Q1. How do you become eligible to contribute to a collaborative article?
You must have some prior engagement on LinkedIn, sharing articles, images, newsletters, posts, text, videos, etc., while abiding by the Professional Community Policies and relevant work experience as an expert in the skill area where you will contribute your thought leadership.
Q2. What is the difference between a collaborative article and a regular article, newsletter, post, or repost?
A regular article is a long-form one-off article that you can write from your personal or company page profile. A newsletter is another long-form article scheduled at regular intervals of your choosing, and LinkedIn notifies your network. A post could be text-only or include an image, link, photo, video, or third-party content. A repost is where you share content created by another LinkedIn member.
Q3. Can you give feedback to rate or report a collaborative article?
Yes, to both scenarios.
Q4. Where do I find a list of topics that I can collaborate on?
Q5. Will contributions be linked on public profiles?
Yes, they will be visible on profiles with the number of upvotes received.
Q6. What are the three best practices for collaborative articles?
First, contribute two times in a collaborative article and multiple articles at least once daily.

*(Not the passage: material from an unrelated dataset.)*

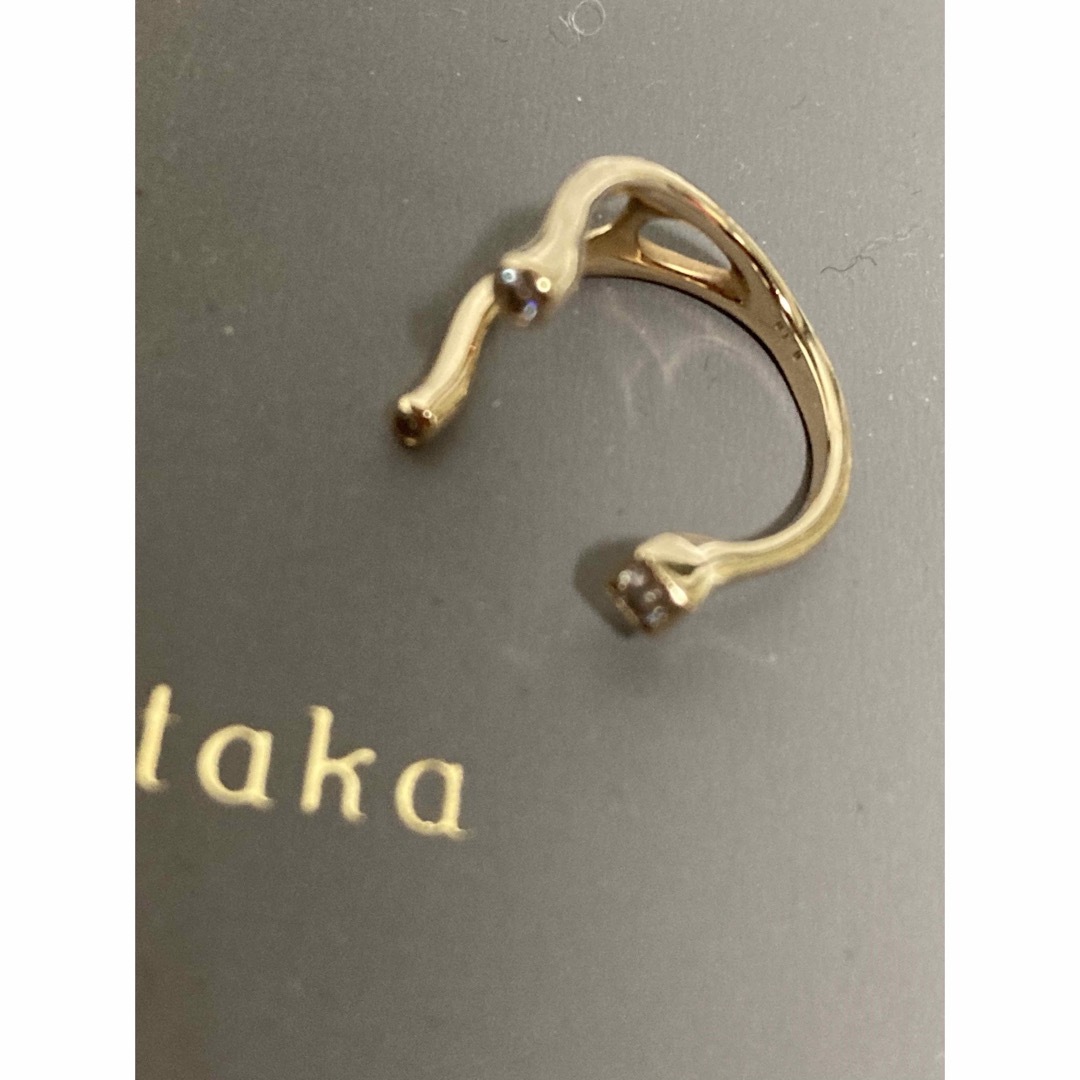 ESTNATION(エストネーション)のhirotaka ヒロタカ　ダイヤモンド　カフリング　k10 YG レディースのアクセサリー(リング(指輪))の商品写真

Second, be authentic from your lived experiences and contribute your “real-world examples and experiences.” Third, follow the Skill pages, as new collaborative articles will be shared daily.
Q7. Where can you find your contributions?
Click on ALL ACTIVITY, then COMMENTS until you find your contributions. You will find a URL that you can copy and paste.
Q8. Who will see your contributions?
You will gain visibility in the feed both in and out of your network, which will appear in the notifications section.
Q9. Can you include links in your contributions?
Although self-promotional links are not encouraged in contributions, links that provide further resources that are considered valuable and useful are supported. Ensure that they do not go against the Professional Community Policies.
Q10. Will you be able to invite other experts to contribute?
Yes, that feature is forthcoming, as are other features, so stay tuned!
Q11. Where can I learn more about collaborative articles?
LinkedIn has an extensive knowledge base with many explanations, links, and other resources. Here is the link to learn more about collaborative articles launched in English on March 3, 2023, in the US, UK, and Canada.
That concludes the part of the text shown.